Table 2.
Technology /modality | Physical characteristics | Action mechanism | Condition for treatment | Clinical studiesa |
---|---|---|---|---|
Hyperthermia/ radiofrequency ablation (RFA) | Invasive treatment during surgical procedure using a needle or a RF-EMF probe. | Tumor necrosis via thermal ablation | Mainly used for the treatment of liver metastases. | + |
Nanoparticles assisted radio frequency ablation (NP-RFA) | Non-invasive loading of tumors with nanoparticles, which are externally exposed to RF-EMF. The generated heat inducing an inside-out hyperthermia. | Tumor necrosis via thermal ablation by improved efficacy of thermal damage. | NP-RFA in combination with radiotherapy for treatment of recurring glioblastoma and recurring breast cancer. | − |
Tumor treating fields (TTFields) | Invasive application of electrodes to the skin, 200 kHz electric fields, for 18 hrs daily. | Mitotic spindle disruption, anti-proliferative effect of cancer cells. Molecular mechanism is unknown. | Treatment of glioblastoma following tumor resection and radiation therapy. | − |
Tumor specific frequency modulated RF-frequency | Non-invasive treatment by a spoon-shaped antenna in the mouth; 27.12 MHz carrier frequency modulated with cancer specific frequencies of 1873.5 Hz, 2221.3 Hz, 6350.3 Hz, and 10,456.4 Hz; SAR <2 W/kg; whole body exposure for 3 hrs/day. | Mitotic spindle disruption, anti-proliferative effect of cancer cells.

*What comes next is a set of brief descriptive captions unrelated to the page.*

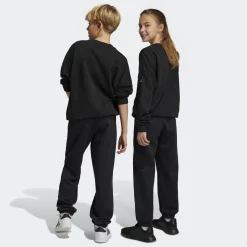 Adidas Future Icons Logo joggingbroek junior black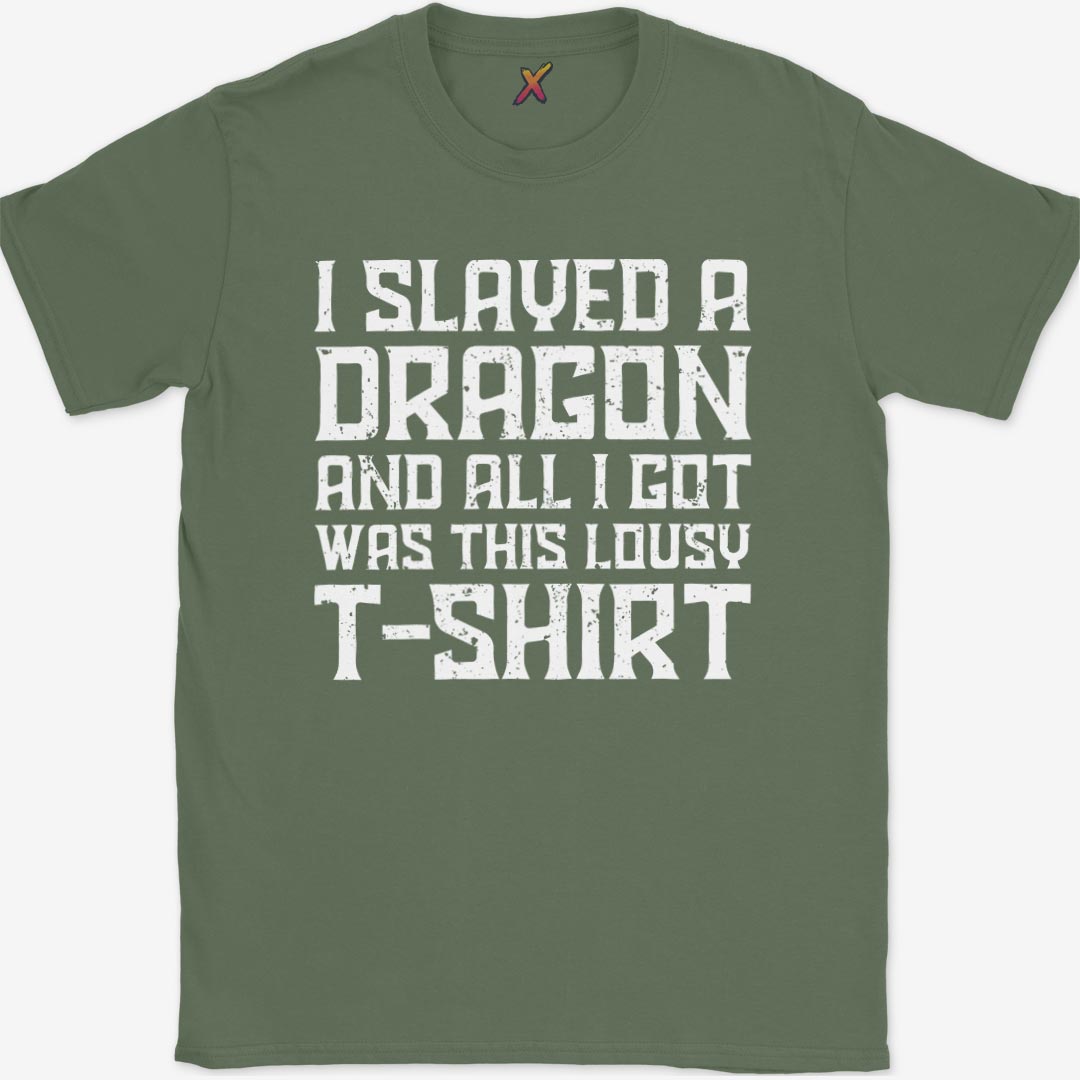 I Slayed A Dragon T-Shirt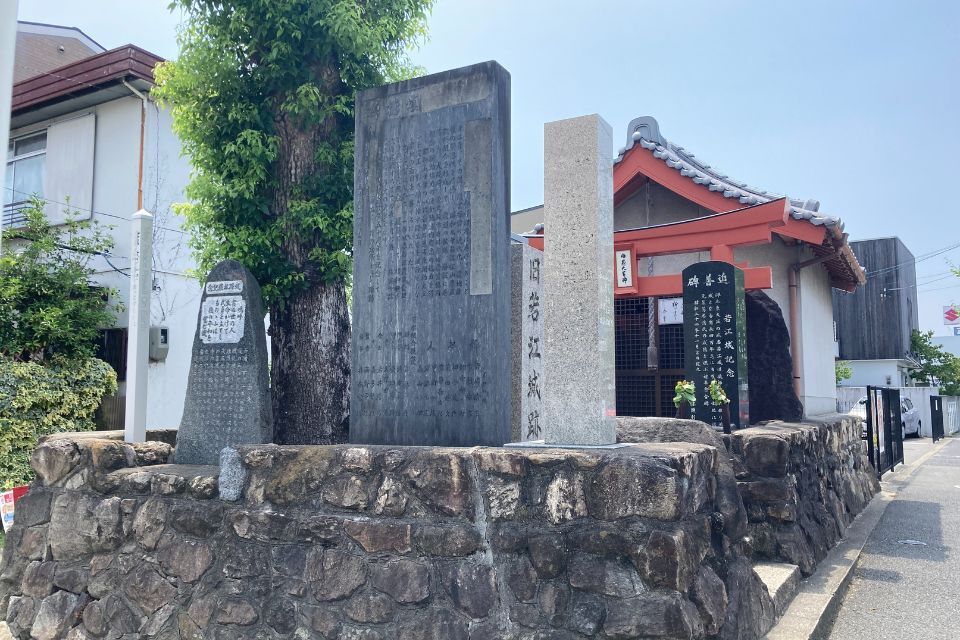 街中で歴史を感じられる「若江城跡」 公園 まちのこと エンジェルストーリープラス 東大阪を楽しく暮らすためのWEBマガジン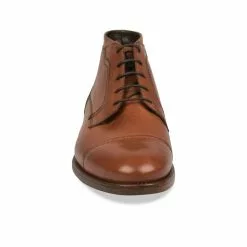 Bottines MARRON B-BLAKE CUIR 11 Bottines MARRON B-BLAKE CUIR -Mocassins et bateaux boutique bottines marron b blake cuir 11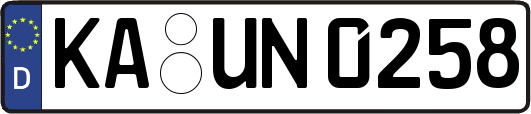 KA-UN0258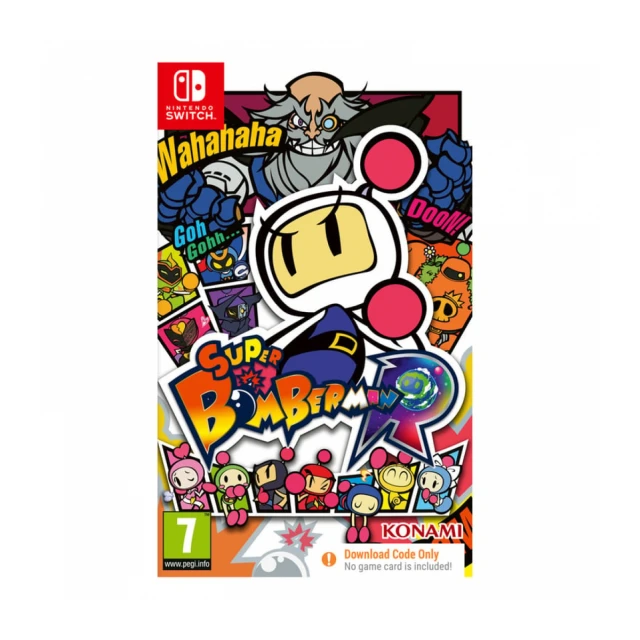 Switch Super Bomberman R (CIAB)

Molecular mechanism is unknown. | Treatment of advanced hepatocarcinoma and its metastases. | − |
Electroporation (EP) | Electric fields; 300–400 mV for <1 ms in vitro; train of eight EPs of 100 μs; invasive 1000 V/cm; non-invasive 1300 V/cm. | Induction of tumor/cell death by the formation of aqueous pores in the lipid bilayer. | Treatment of solid tumors. | + |
Note: aPresence (+) or absence (-) of randomized clinical trials.